Stored records:

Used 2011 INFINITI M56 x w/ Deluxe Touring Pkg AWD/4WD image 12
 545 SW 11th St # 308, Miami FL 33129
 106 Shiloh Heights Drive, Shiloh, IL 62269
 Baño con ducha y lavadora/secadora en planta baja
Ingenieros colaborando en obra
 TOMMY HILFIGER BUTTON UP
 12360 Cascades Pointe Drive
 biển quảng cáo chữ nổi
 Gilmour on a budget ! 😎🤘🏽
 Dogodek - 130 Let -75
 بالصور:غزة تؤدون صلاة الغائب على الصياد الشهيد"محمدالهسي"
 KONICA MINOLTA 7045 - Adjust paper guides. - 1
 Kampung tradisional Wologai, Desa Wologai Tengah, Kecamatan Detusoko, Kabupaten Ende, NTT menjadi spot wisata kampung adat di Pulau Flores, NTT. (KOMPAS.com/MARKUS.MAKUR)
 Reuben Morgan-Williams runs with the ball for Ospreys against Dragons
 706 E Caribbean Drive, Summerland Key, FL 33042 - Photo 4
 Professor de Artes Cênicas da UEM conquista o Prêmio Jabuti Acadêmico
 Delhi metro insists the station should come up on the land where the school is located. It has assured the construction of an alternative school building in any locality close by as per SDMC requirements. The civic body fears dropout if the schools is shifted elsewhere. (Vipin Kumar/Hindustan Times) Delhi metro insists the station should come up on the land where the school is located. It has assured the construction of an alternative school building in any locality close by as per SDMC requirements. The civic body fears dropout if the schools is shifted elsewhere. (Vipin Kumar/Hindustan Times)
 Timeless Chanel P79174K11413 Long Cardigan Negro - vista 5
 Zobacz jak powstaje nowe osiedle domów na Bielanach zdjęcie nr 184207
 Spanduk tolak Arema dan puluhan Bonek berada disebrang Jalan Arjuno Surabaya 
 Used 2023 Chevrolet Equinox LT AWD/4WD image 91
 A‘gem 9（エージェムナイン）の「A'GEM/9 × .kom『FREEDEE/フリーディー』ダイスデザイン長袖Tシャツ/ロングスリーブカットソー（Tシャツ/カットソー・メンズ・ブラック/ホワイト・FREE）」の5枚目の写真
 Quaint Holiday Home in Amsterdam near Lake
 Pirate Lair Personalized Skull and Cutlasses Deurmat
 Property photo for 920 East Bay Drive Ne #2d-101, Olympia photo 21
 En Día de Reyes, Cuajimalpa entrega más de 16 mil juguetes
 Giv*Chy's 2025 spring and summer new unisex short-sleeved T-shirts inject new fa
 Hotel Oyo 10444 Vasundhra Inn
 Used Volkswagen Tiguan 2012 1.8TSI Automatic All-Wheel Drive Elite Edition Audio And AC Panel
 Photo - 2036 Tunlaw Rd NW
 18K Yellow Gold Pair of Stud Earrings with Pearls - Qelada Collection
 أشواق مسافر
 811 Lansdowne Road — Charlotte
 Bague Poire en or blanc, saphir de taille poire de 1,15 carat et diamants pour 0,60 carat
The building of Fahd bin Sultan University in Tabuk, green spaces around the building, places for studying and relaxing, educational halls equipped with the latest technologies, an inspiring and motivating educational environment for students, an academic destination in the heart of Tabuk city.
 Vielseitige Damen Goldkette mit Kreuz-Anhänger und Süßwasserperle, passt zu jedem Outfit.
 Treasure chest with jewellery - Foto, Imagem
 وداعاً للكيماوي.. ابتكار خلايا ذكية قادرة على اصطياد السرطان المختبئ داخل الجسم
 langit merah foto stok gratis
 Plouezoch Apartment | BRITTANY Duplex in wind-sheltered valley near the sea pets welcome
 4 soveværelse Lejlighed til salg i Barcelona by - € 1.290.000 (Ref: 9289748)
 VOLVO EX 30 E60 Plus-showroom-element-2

__REQUIRED WORK__
Please give an exact copy of the entries above, from the line with "Timeless Chanel P79174K11413" down to the line with "Bague Poire en", inclusive, and nothing else.

__RESPONSE FOR THIS EXERCISE__
 Timeless Chanel P79174K11413 Long Cardigan Negro - vista 5
 Zobacz jak powstaje nowe osiedle domów na Bielanach zdjęcie nr 184207
 Spanduk tolak Arema dan puluhan Bonek berada disebrang Jalan Arjuno Surabaya 
 Used 2023 Chevrolet Equinox LT AWD/4WD image 91
 A‘gem 9（エージェムナイン）の「A'GEM/9 × .kom『FREEDEE/フリーディー』ダイスデザイン長袖Tシャツ/ロングスリーブカットソー（Tシャツ/カットソー・メンズ・ブラック/ホワイト・FREE）」の5枚目の写真
 Quaint Holiday Home in Amsterdam near Lake
 Pirate Lair Personalized Skull and Cutlasses Deurmat
 Property photo for 920 East Bay Drive Ne #2d-101, Olympia photo 21
 En Día de Reyes, Cuajimalpa entrega más de 16 mil juguetes
 Giv*Chy's 2025 spring and summer new unisex short-sleeved T-shirts inject new fa
 Hotel Oyo 10444 Vasundhra Inn
 Used Volkswagen Tiguan 2012 1.8TSI Automatic All-Wheel Drive Elite Edition Audio And AC Panel
 Photo - 2036 Tunlaw Rd NW
 18K Yellow Gold Pair of Stud Earrings with Pearls - Qelada Collection
 أشواق مسافر
 811 Lansdowne Road — Charlotte
 Bague Poire en or blanc, saphir de taille poire de 1,15 carat et diamants pour 0,60 carat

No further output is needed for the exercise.